Democratic Representative Howard Berman (whose brother drew California's current congressional map) and other members of Congress have geared up their fundraising operations to fight this year's model, which the California Supreme Court restored to the ballot after lower courts had removed it based on a technicality. Money has swamped previous reform initiatives that started out with an advantage in the state, and Schwarzenegger's initiative was trailing in the polls even before the campaign against it had gotten underway in earnest. "I think we'll beat it," said Dan Lowenstein, a UCLA law professor, after the initiative was put back on the November ballot.

Win or lose, the initiatives in Ohio and California represent just an initial phase in the current campaign by redistricting reformers to change a clearly anti-competitive system. They will continue to adjust their proposals to survive legal challenges, appeal to voters and come up with ways to draw maps that aren't unduly influenced by partisan concerns.

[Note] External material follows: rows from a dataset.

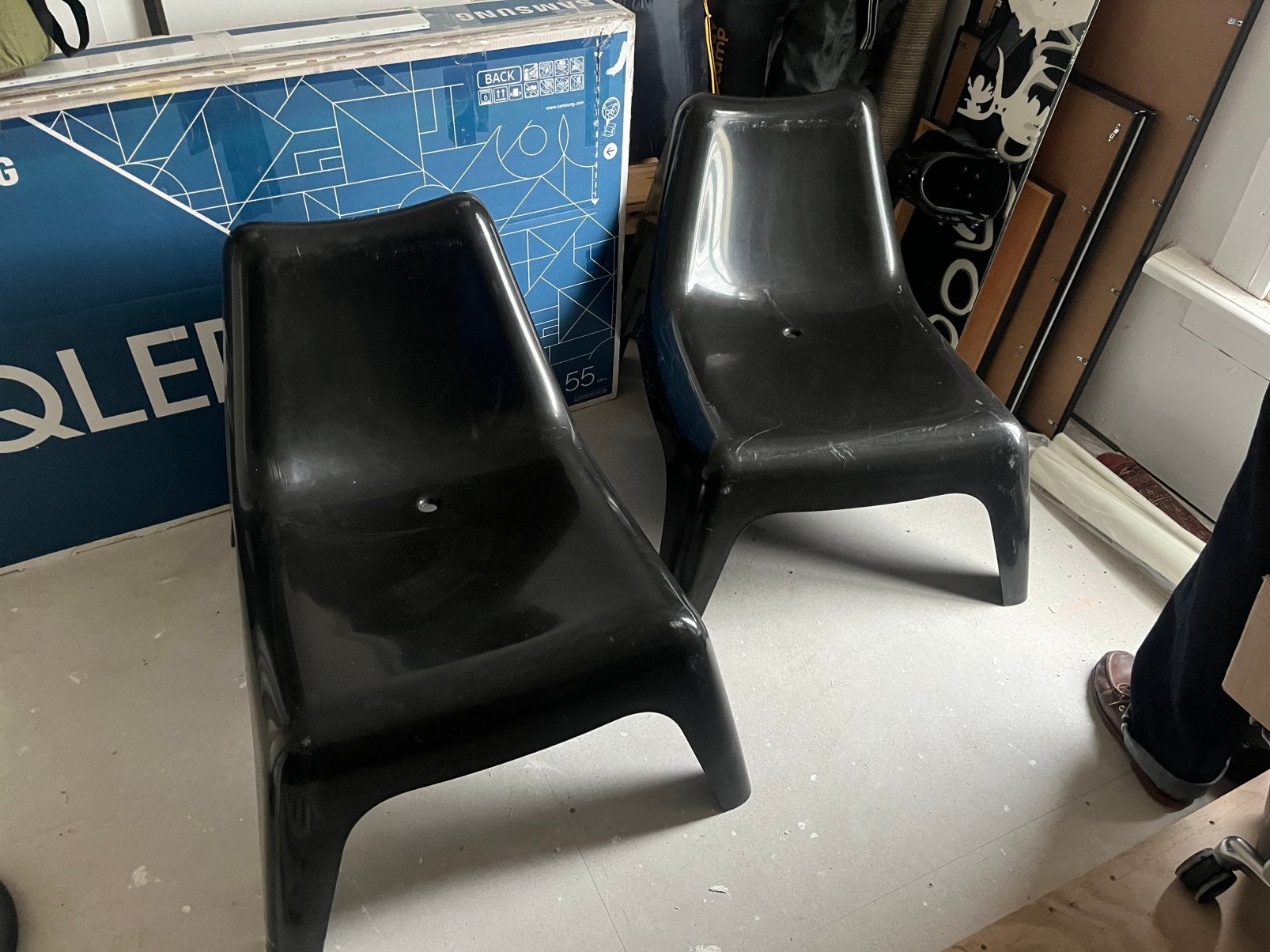 2x IKEA PS Vago fauteuils lounge stoelen zwart, Ophalen, Kunststof, Gebruikt, Twee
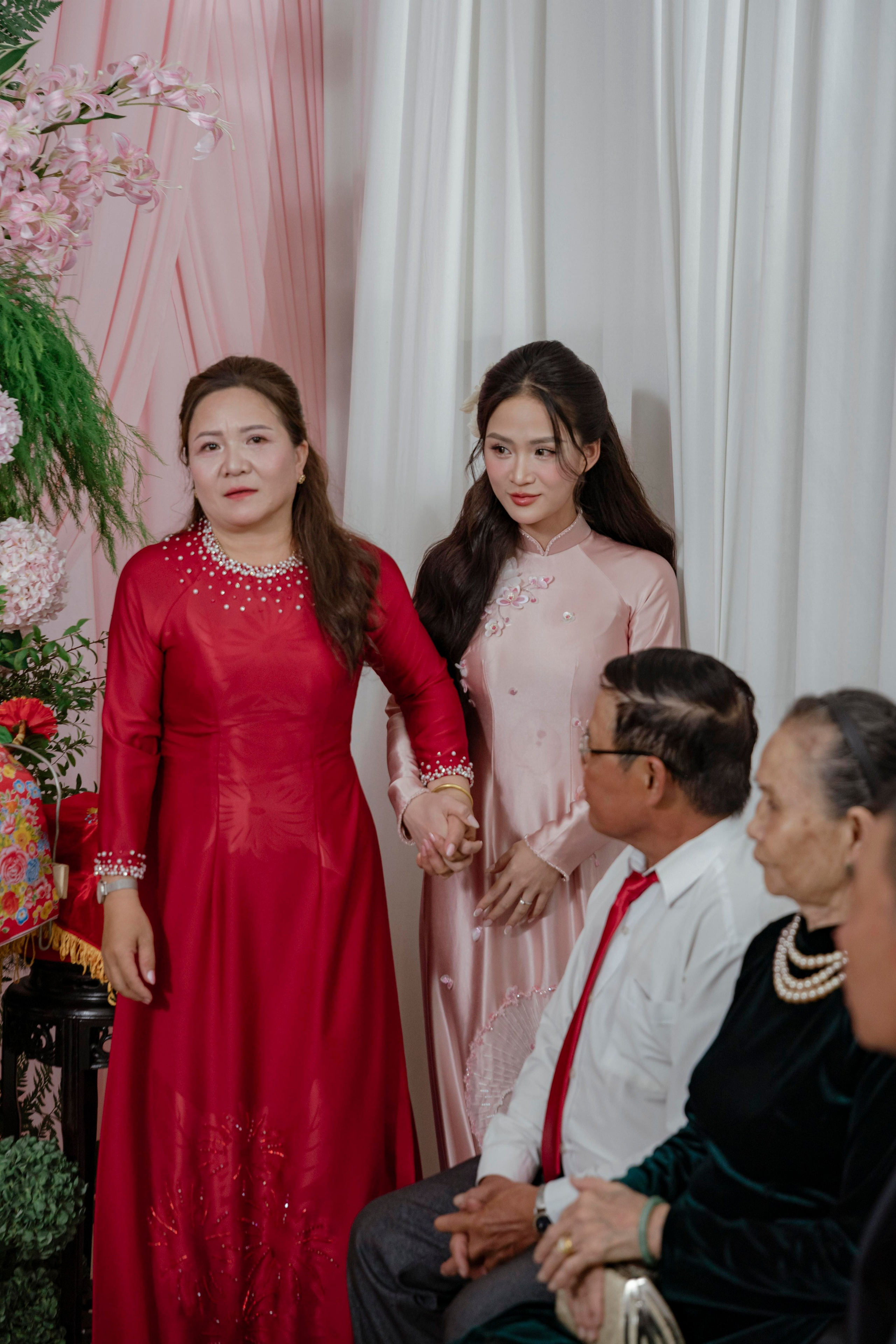 LINH & HUYEN. WEDDING PHOTOGRAPHER IN VIETNAM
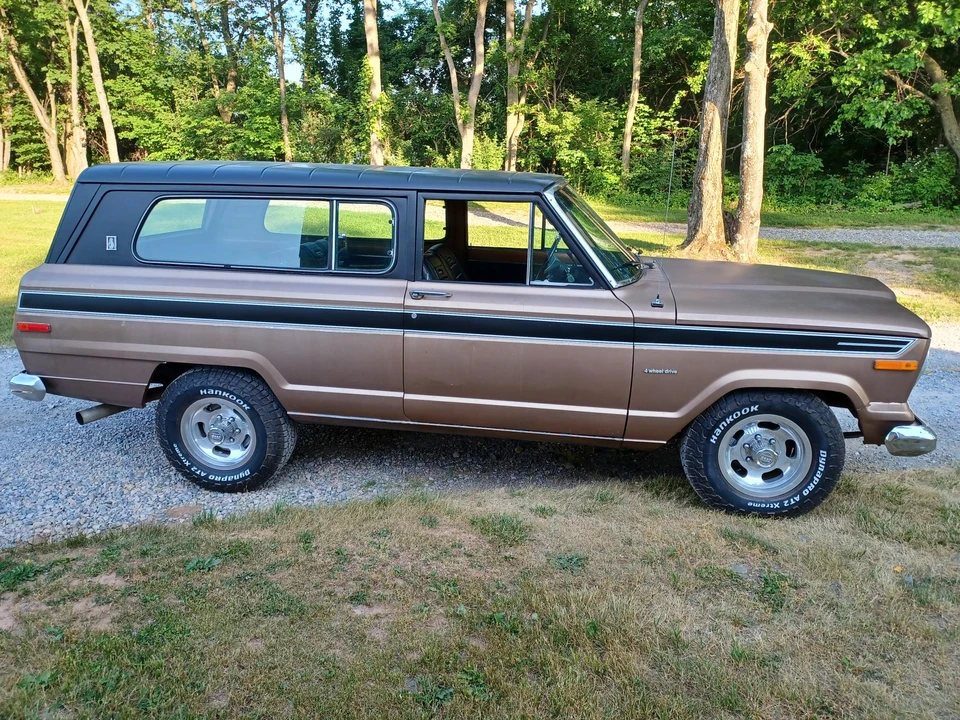 1974 Jeep SJ Cherokee - Image 9 of 31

But it will always be difficult to take the politics out of a quintessentially political act. Even if a system could be created under which district maps were drawn by nonpartisan and exquisitely fair-minded people, the desire for districts that are both compact and competitive would lead to inevitable contradictions. Ridding the system of the worst partisan gerrymanders would be an improvement but would be unlikely to bring about major changes in the political landscape. "Throughout American history, there have always been reformers that have said if we do this, we'd have the city on the hill and everything would be wonderful," says Tim Hodson, director of the Center for California Studies at Sacramento State. "And cumulatively, they've been helpful. But the political system is not something that's perfectible, so we're always going to be looking for ways to address the system and continue to tweak it."